[WHAT YOU WILL DO]:
Taking the entries below, transcribe only the lines starting with the one with "Vestido largo bohemio" and going on through the one with "キャベツ×鮭フレ×ゆかり紫蘇の混ぜご飯作り方3写真", exactly as written, without the pictures.

[RECORDS SUPPLIED]:
_ _ _
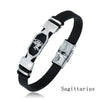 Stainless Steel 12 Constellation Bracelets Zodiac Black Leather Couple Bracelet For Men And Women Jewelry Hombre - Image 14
_ _ _
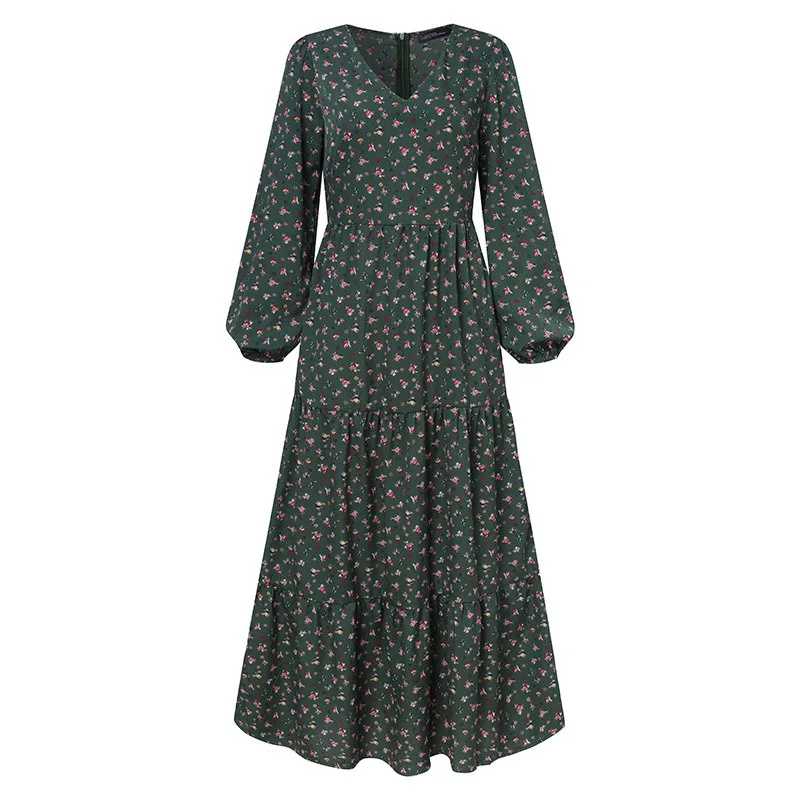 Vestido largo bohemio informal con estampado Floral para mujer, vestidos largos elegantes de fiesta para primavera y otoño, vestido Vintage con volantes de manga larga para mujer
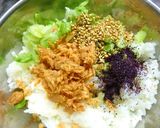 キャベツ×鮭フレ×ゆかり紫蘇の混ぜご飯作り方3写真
_ _ _
[ANSWER AREA]:
 Vestido largo bohemio informal con estampado Floral para mujer, vestidos largos elegantes de fiesta para primavera y otoño, vestido Vintage con volantes de manga larga para mujer
 キャベツ×鮭フレ×ゆかり紫蘇の混ぜご飯作り方3写真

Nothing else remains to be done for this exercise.